Louwen’s maneuver is used to resolve this dystocia. Frank’s nudge is used later on to help flex the head if it doesn't emerge spontaneously.
|Illustration from Louwen et al. 2016|
The easiest maneuver for resolving dystocia is “Louwen’s maneuver:” you turn the shoulder away. To do it, you turn the baby 180° in the direction that the trapped arm is pointing, then 90° back. This gets the shoulders transverse in the inlet. We do this maneuver to turn the shoulders transverse to the inlet. That’s all. The arms might still be above the head after the maneuver, but now that the shoulders are transverse and the baby is in a much better situation. Never pull the baby out. Don’t try to get something deeper. Just move it around until shoulders are in a transverse inlet position. Then you can wait again.
Complete breeches often take longer to descend. The first leg creates a conflict in turning through the pelvis. You can use fundal pressure to see if the baby is descending into the inlet or not. But only do it when needed—you might induce the next pathology, such as a shoulder dystocia. Take the time: compare what you expect and what you really get. Always when you do an intervention, be sure you have a pathological situation first.
For Louwen’s maneuver, it’s easy to move the baby around. You don’t need too much power. Take your time. Put your fingers behind the baby’s shoulders with your thumbs on the shoulders. Don’t move the baby at the hips. You’ll be going inside the vagina—don’t hesitate but do it slowly and calmly. Don’t be afraid. You don’t need an episiotomy. Do it a full 180 degrees, not less. If you don’t finish the full rotation, it won’t work.
Detect the problem and remove the situation.

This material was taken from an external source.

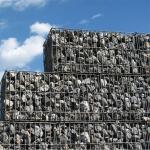 Customizable Heavy Duty Galvanized Construction Welded Gabion Basket With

Based on the outcomes in his Frankfurt clinic, Frank strongly believes that upright breech birth “may provide a physiological advantage to perinatal outcomes compared to the dorsal position. The newly adopted position may decrease manual maneuvers required to extract the body of infants in breech position and resulting birth injuries.”
Until now, studies have compared well-defined surgical procedures with undefined procedures in vaginal deliveries. He recommends a RCT comparing upright versus dorsal vaginal breech birth.
Q: You said wait for the next contraction until you do Frank’s nudge. But the head is in the pelvis and the uterus provides no pressure.
A: It’s still helpful to have the uterus contracting over the fetal head. Without a contraction, you have no push from above. The head is still inside the uterus and without a contraction you have less power.
Q: When you do Louwen’s maneuver, you do it in between contractions, not during?
A: Yes. Then once the baby is turned, you wait for the next contraction.
Q: In my experience you need a lot of power to turn the baby.
A: Yes, but it will be easier between contractions.